Advantages of using byte order marker include:

The Byte Order Mark (BOM) plays a crucial role in identifying the character encoding of a text file, especially within Unicode. Given that various encodings may coexist such as UTF-8, UTF-16 and UTF-32; the BOM distinguishes between them an operation particularly useful for those actively working with these different implications of Unicode.
The Byte Order Mark (BOM) serves as a byte order indication for encodings such as UTF-16, where the significance lies in their byte order (endianness). This specific sequence of bytes indicates whether the least significant or most significant byte precedes it.
The inclusion of Byte Order Mark (BOM) can significantly enhance compatibility, particularly in environments where diverse systems or software might interpret text files with variance; thus the use of a BOM helps guarantee that supporting programs will correctly decipher the text file.

Different types of byte order markers

Encoding	Representation (hexadecimal)	Unicode String Format
UTF-8	EF BB BF	\uFEFF
UTF-16, big-endian	FE FF	\uFFFE
UTF-16, little-endian	FF FE	\uFEFF
UTF-32, big-endian	00 00 FE FF	\u0000\u0000\uFEFF
UTF-32, little-endian	FF FE 00 00	\uFEFF\u0000\u0000
UTF-7	2B 2F 76 38 2B 2F 76 39	+/v8+/v9

A comprehensive list of all file magic numbers can be found here.

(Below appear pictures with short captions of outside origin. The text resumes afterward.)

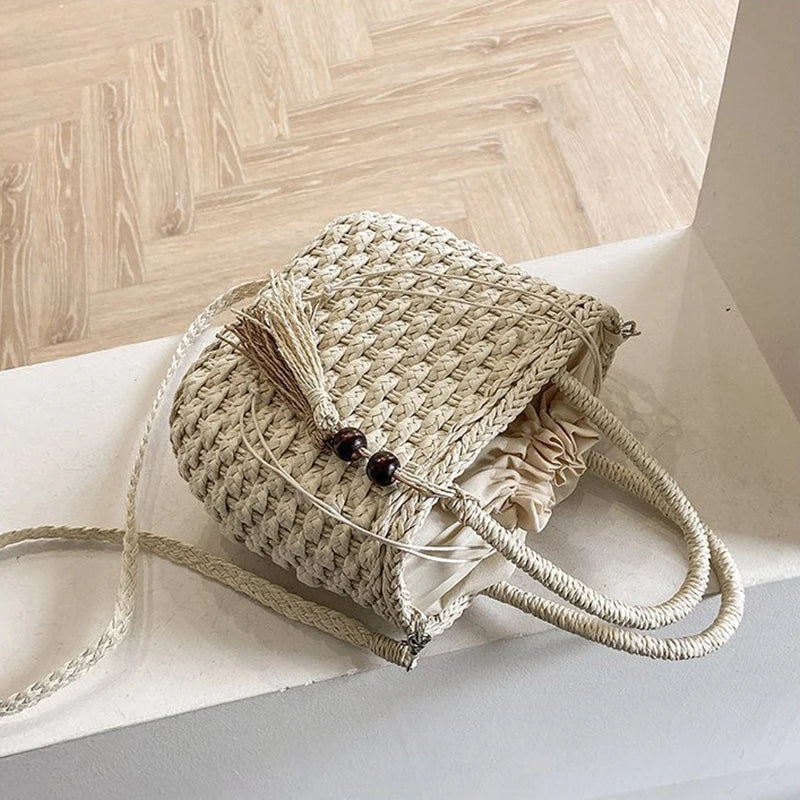 Women Handbags Straw Rattan Woven Crossbody Bag Summer Bohemia Beach Tassel Design Basket Bag Fashion Shoulder Messenger Bag
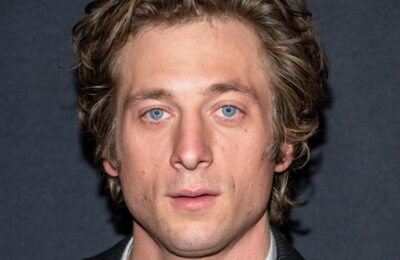 Cazul curios al buricului lui Jeremy Allen White – Vezi poze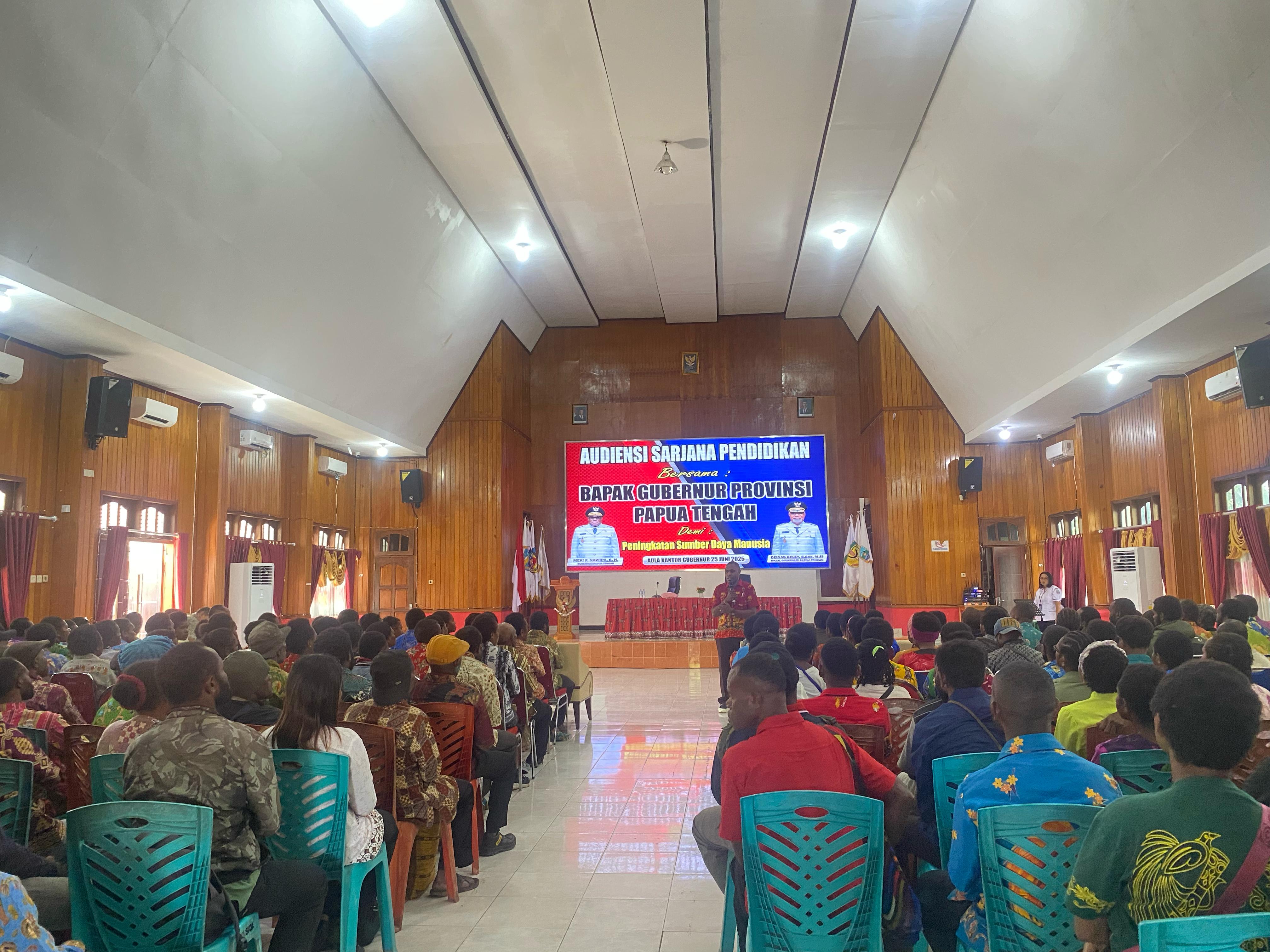 Ratusan Sarjana Pendidikan saat mendengar Arahan Dari Koordinator Tim Penggerak Sarjana Pendidikan di Papua Tengah. (CEPOSONLINE.COM/THERESIA F. TEKEGE)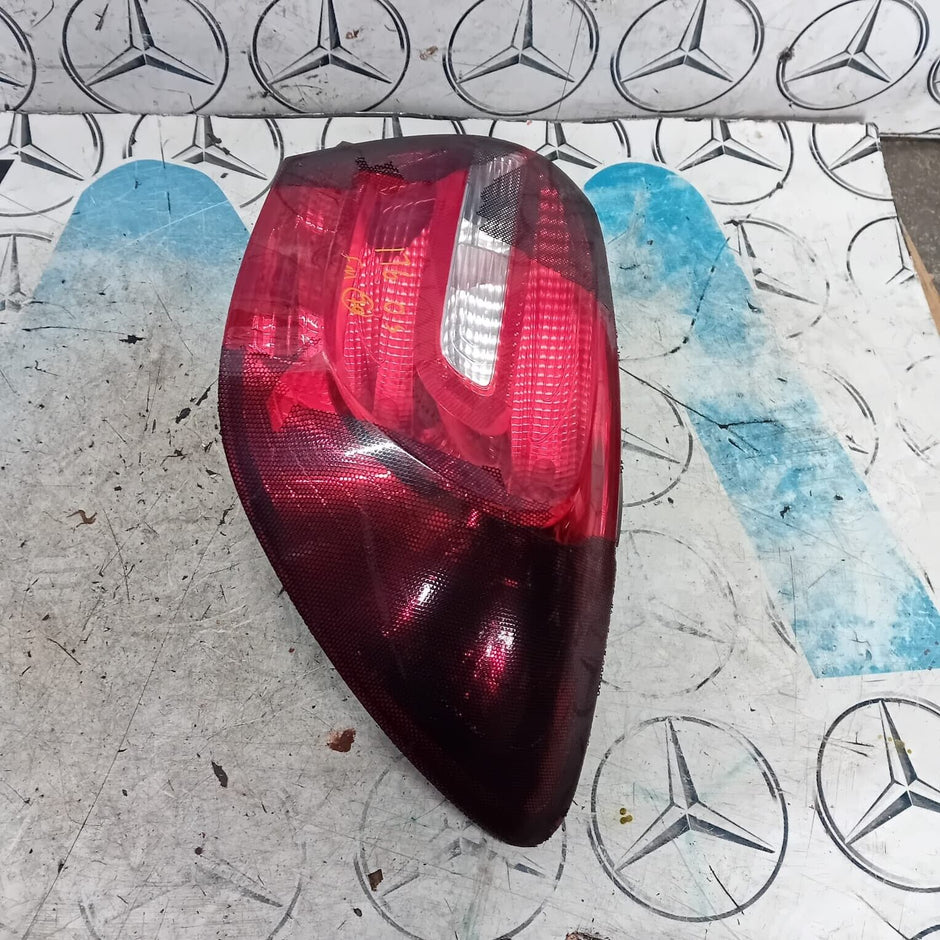 MERCEDES BENZ A-CLASS REAR OUTER DRIVER SIDE TAIL LIGHT A1769060200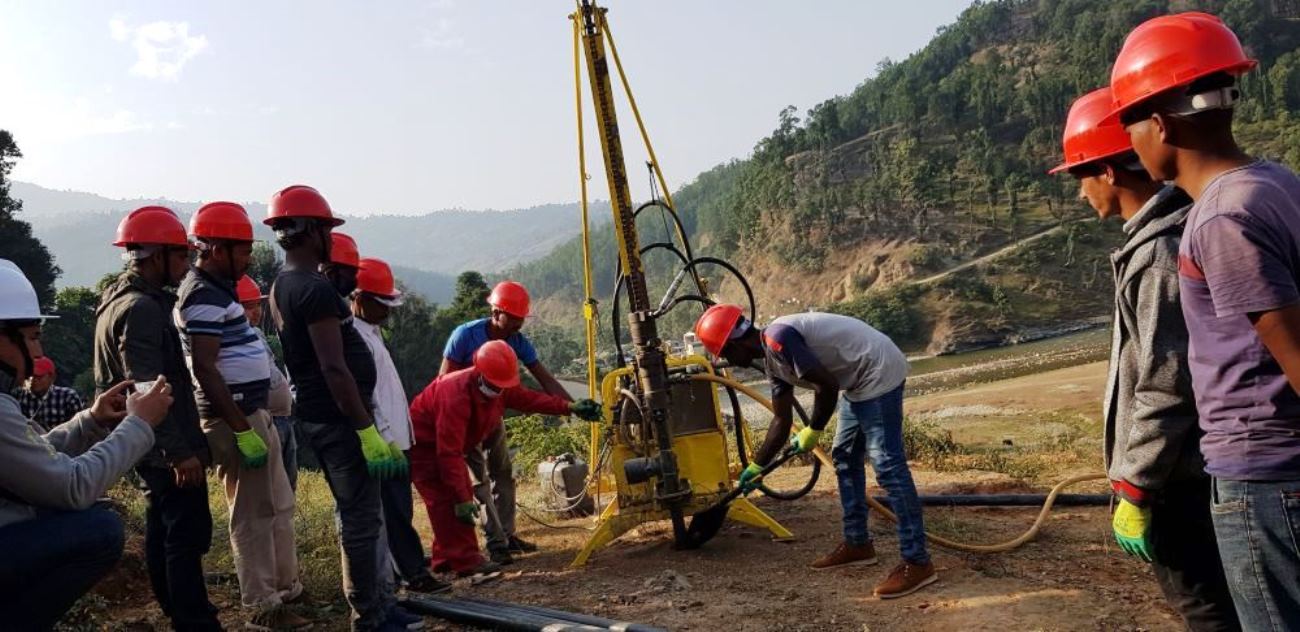 भैरवी गाउँपालिकामा फेरि सुरु भयो पेट्रोलियम उत्खनन् 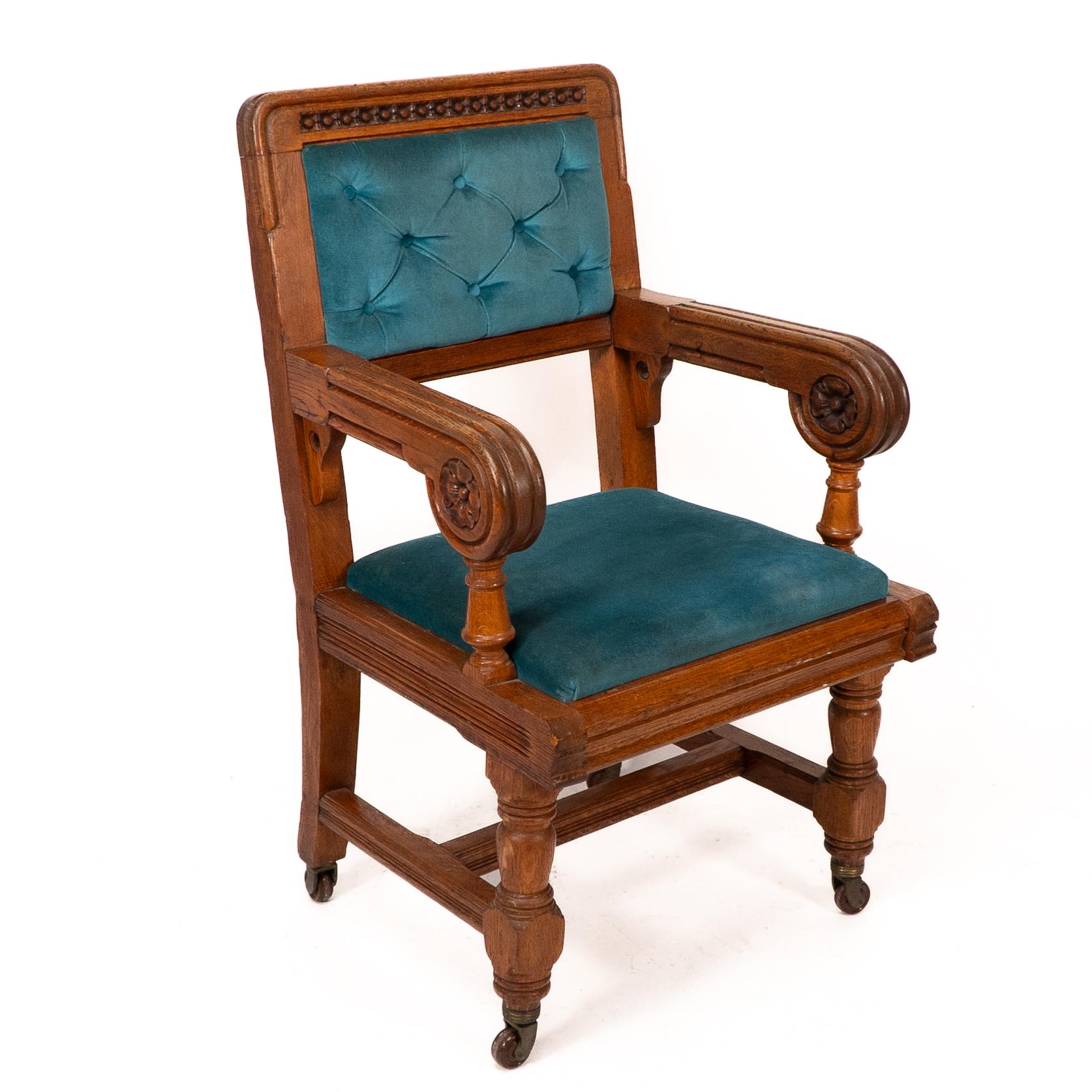 Néo-gothique Bruce Talbert, Gillows, deux rares fauteuils en chêne de style néo-gothique, tapissés de bleu. en vente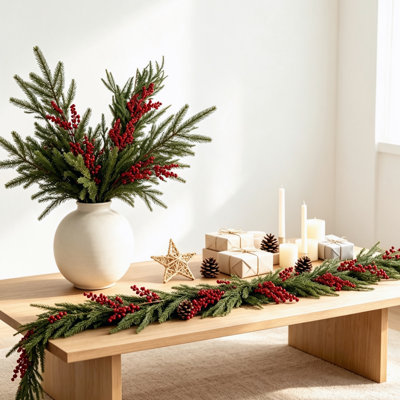 2 guirlandes de pin Norfolk 6,23 pieds avec baies rouges, verdure de Noël artificielle pour fenêtre, manteau, table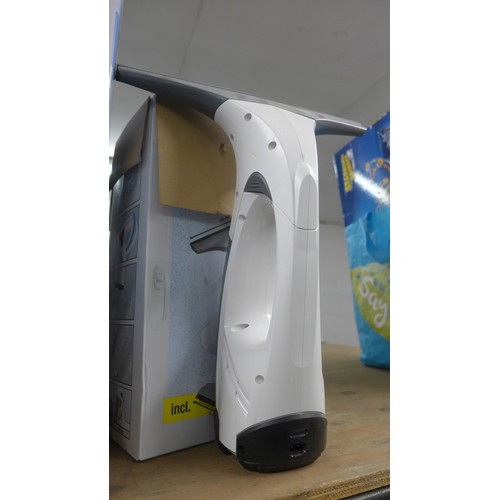 2148 - Scholl Peak Spa Centre, Karcher window cleaner & food processor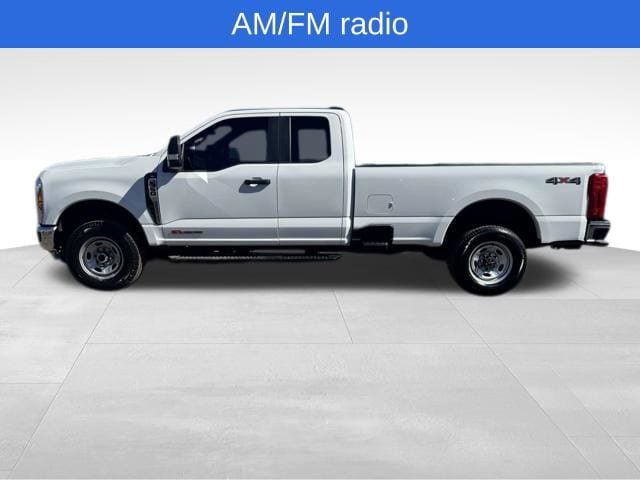 Certified 2023 Ford F350 XL w/ Snow Plow Prep Package AWD/4WD image 2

Using BOM in SAP CPI Groovy Script

Suppose we need to send a simple CSV to a SFTP which contains some Chinese characters. If we do not encode it using BOM and try opening it using excel the output will be shown as:

However when we encode it using BOM using the following code the output will be as follows:

def csvString = "Name,Age,City,ChineseText\nJohn,30,Beijing,你好世界"
csvString = "\uFEFF" + csvString; // New string after adding UTF-8 Byte Order Mark (BOM)

Hence we can see how hardcoding a byte order can help us in dealing with foreign characters and unique encoding styles.

Use of byte markers incase of bidirectional text

Certain integration which involve bidirectional texts involving a mix of both Left to Right and Right to Left directional texts this might require the use of byte markers which make it unidirectional. A good example of such kind of integrations is the Hilan interface which involves a mix of both Hebrew and English alphabets and hence viewing the data effectively becomes very difficult.

Direction	Unicode Byte Marker	Description	Preview (Showing all characters )	Final Display
LTR (Left-to-Right)	\u200E	This marker signals left-to-right text.
RTL (Right-to-Left)	\u200F	This marker signals right-to-left text.
Pop Directional Format	\u202C	The marker terminates an embedding or overrides control by popping the last direction setting.
LRE (Left-to-Right Embedding)	\u202A	This marker indicates that the following text should be treated as an embedded left-to-right block.
RLE (Right-to-Left Embedding)	\u202B	Use this marker to indicate that the following text should be treated as a right-to-left block.
Left-to-Right Override	\u202D	This marker enforces left-to-right direction for the enclosed text, overriding the default right-to-left direction.
Right-to-Left Override	\u202E	This marker enforces right-to-left direction for the enclosed text, overriding the default left-to-right direction.

Conclusion

While the use of BOM can be beneficial in certain situations, it is not always required or preferred. In some instances, such as HTTP responses and scripting languages, including BOMs can cause unforeseen issues. Therefore, it is crucial to evaluate the specific requirements and compatibility of the systems and tools being utilized before deciding to incorporate a BOM in text files. BOM should also be carefully used incase of fixed width files as it introduces additional special characters which might cause an issue with the interpreting software.